High-throughput Computing-based Study on Advanced Metal
and Materials
Honghui Wu, Shuize Wang, Shengwei Wang, Xinping Mao*
Beijing Advanced Innovation Center For Materials Genome
Engineering, University of Science and Technology Beijing
ABSTRACT: Traditional alloy design
schemes often greatly reduce ductility while machining metal materials to
achieve ultra-high strength. At the same time, traditional empirical trial-and-error
methods have the disadvantages of a long development cycle, high cost, and low
efficiency. Here, based on high-throughput computing, we explore hierarchical
steel using multiscale simulation to design a general strategy to break the
trade-off between strength and ductility. The microscopic mechanism and
macroscopic properties of metal materials and the relationship between the two
through first-principles and molecular dynamics simulation have been done, and
the obtained data will be used in the phase-field simulation. Hierarchical
steel is a new class of structural materials with remarkable heterogeneity in
strength from one component to another with a variety of shape, form, and
morphology at different length scales. Such
a hierarchical microstructure produces a pronounced local strain gradient
during the mechanical deformation that needs to be accommodated by generating
compatible dislocation, grain boundary, etc.,
and thus the work hardening ability is
enhanced dramatically. Now the biggest difficulty is how to manufacture
hierarchical steel, especially large samples. With the improvement of
computer performance, the new paradigms of materials science research, such as
Simulation and Materials genome engineering will be
effective in the research of advanced metal and materials. In the near future,
Multiscale simulation and Materials Genome Engineering as new paradigms will be
more closely linked, and big data technology will be used to achieve more
efficient and accurate work.
Keywords: Material Genome Engineering; Advanced metal materials; Multiscale simulation.

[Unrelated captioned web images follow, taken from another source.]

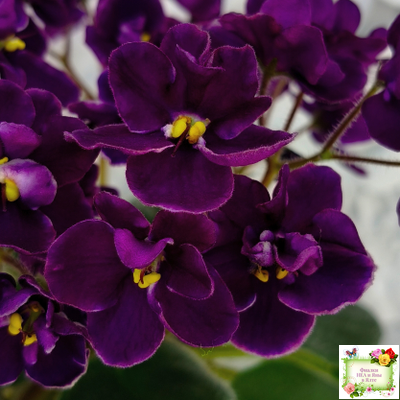 Mac's Piqued Pixie (G. McDonald) 2011 г. (лист посажен 25.01.26)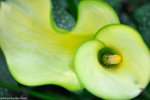 00DSC_0454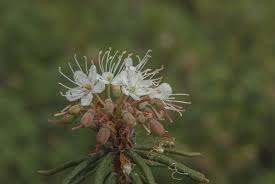 Attēlu rezultāti vaicājumam “Ledum palustre leaf”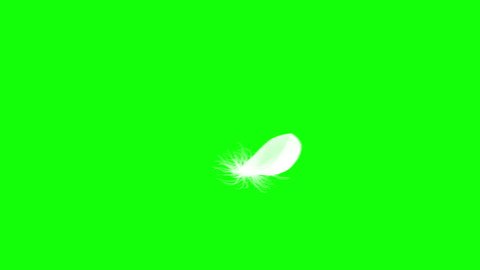 4K. Flying Feather. Green Screen. Seamless Looping. 3D Animation. Ultra High Definition. 3840x2160.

Hong-Hui Wu graduated from The Hong Kong University of Science and Technology and worked at the University of Munich in Germany, the University of Nebraska-Lincoln, Los Alamos National Laboratory, and other units as post-doctorate. He is currently an associate professor and the master’s supervisor of the School of Materials Science and Engineering, University of Science and Technology Beijing. He has been researched in computational materials science for a long time, and has published more than 60 SCI academic papers in top international academic journals such as "Nature Communications", "Advanced Science", "Advanced Functional Materials", "ACS Nano" and "Nano Energy". He is currently the guest editor of the academic special issue "Frontiers in Advanced Metal Materials Research", the young editors of SCI journals Rare Metals, Chinese Chemical Letters, and EI journals "Rare Metals", a non-ferrous metal think tank certified expert and artificial intelligence application engineer. Since joining the University of Science and Technology Beijing, he has presided over the National Natural Science Foundation of China Youth/General Fund, the basic scientific research business expenses of central universities, the State Key Laboratory for Advanced Metal And Materials, and the National and Local Joint Engineering Center open projects.